The Desert Flower Camping Resort would be built off County Road 110 about a mile and a half from the Taos County Country Club. It would include 24 camping sites, each with a wooden deck, fire pit, and what was described as a ‘safari tent’ for the convenient camping experience.
A parking lot, new road, and bathroom buildings would also be built. In peak season, the glamping grounds could have up to about 100 guests. In the planning commission’s meeting, the project owners applying for the special use permit, Jody and Xochitl Wodrich, described their love for nature and camping without RVs.
“My family and I would love to take off from time to time and go on camping trips. But, this took a lot of effort. And it often put us with our little tent next to these large RVs with loud noise and bright lights, the very thing we were trying to get away from,” Jody said. “We want to create a high-end camping experience that allows people to really enjoy nature with beautiful views and quiet skies comfortable and already set up for the visitors.”
“We hope to bring glamping to Taos. It’s change. It’s hard to understand. We promise it will be beautiful. We promise to care for the land and the community,” Xochitl said. The project owners also expressed to neighbors that they are not a big corporation, but rather a small business. However, neighbors aren’t sold.
Before the commission’s approval, nearly a dozen neighbors spoke out against the project, including Joe Mazza and Emily Gillispie, who live adjacent to the property site. “From our kitchen window, you can see right into the campground,” Mazza said.
They said they speak for about 40 neighbors in the area who have fire concerns, environmental concerns, and concerns of commercialization in their residential neighborhood. Neighbors are also concerned about light and noise pollution from glampers. The camping resort would also have a string fence instead of a solid one to avoid impact to wildlife, but it brings privacy concerns for neighbors.
“The possible devaluation of our property.

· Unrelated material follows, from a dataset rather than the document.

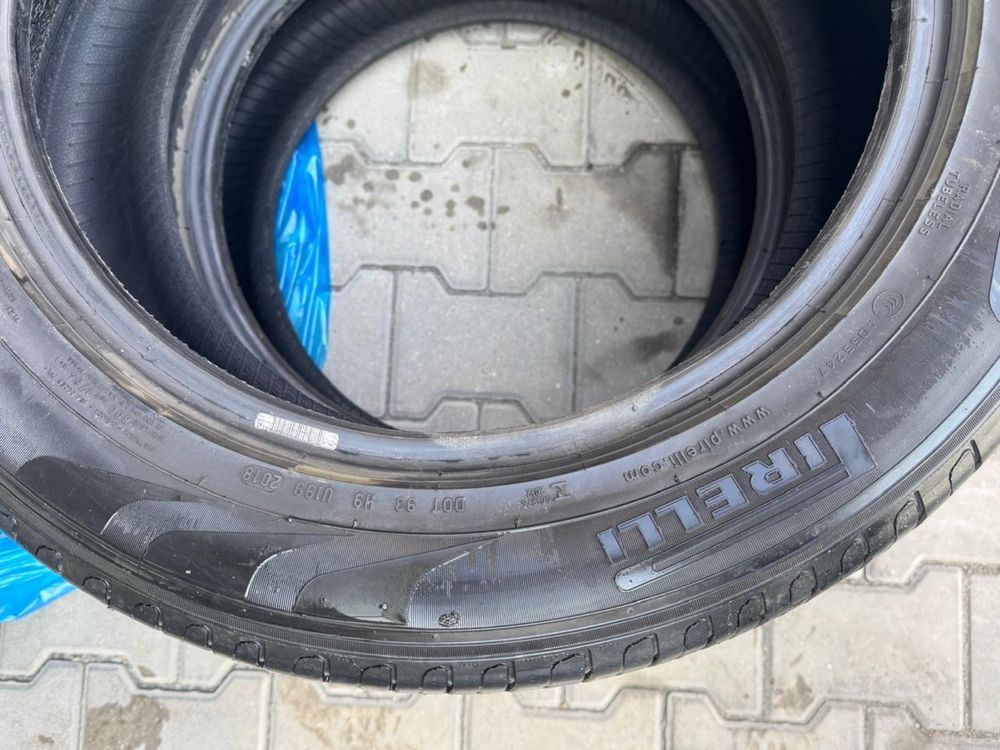 Авто шины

We feel that potential buyers, they turn away due to the elimination of privacy and quiet ensuing from the campground area,” Gillispie said. They also said the permit application doesn’t meet the standards of a special use permit specifically when it comes to the land use being compatible with existing uses of neighborhood, being a benefit to the neighborhood, and of the visual impact.
Project owners said they would have fire extinguishers at every tent, security cameras, and someone on site during open months 24/7. They would also have restrictions on things like ATVs and pets, only allowing leashed dogs up to 40 pounds. They would also put a restriction on noise.
“Now they did say they’d put in a ‘no noise after nine,’ but if you’ve ever been to a campground you know it’s constant buzz throughout the day, cars pulling in, cars pulling out, people laughing, dogs barking,” Mazza said.
The county is in the process of preparing the Taos County Planning Commission’s Record of Decision. Once that happens, property owners within 1,000 feet of the project have 30 days to appeal the decision. Then, the county has 45 days to schedule a public hearing before the Taos County Board of Commissioners so they can hear the appeal.
Mazza and Gillispie said neighbors do plan to appeal the decision. Neighbors are fundraising for an attorney for the appeal process.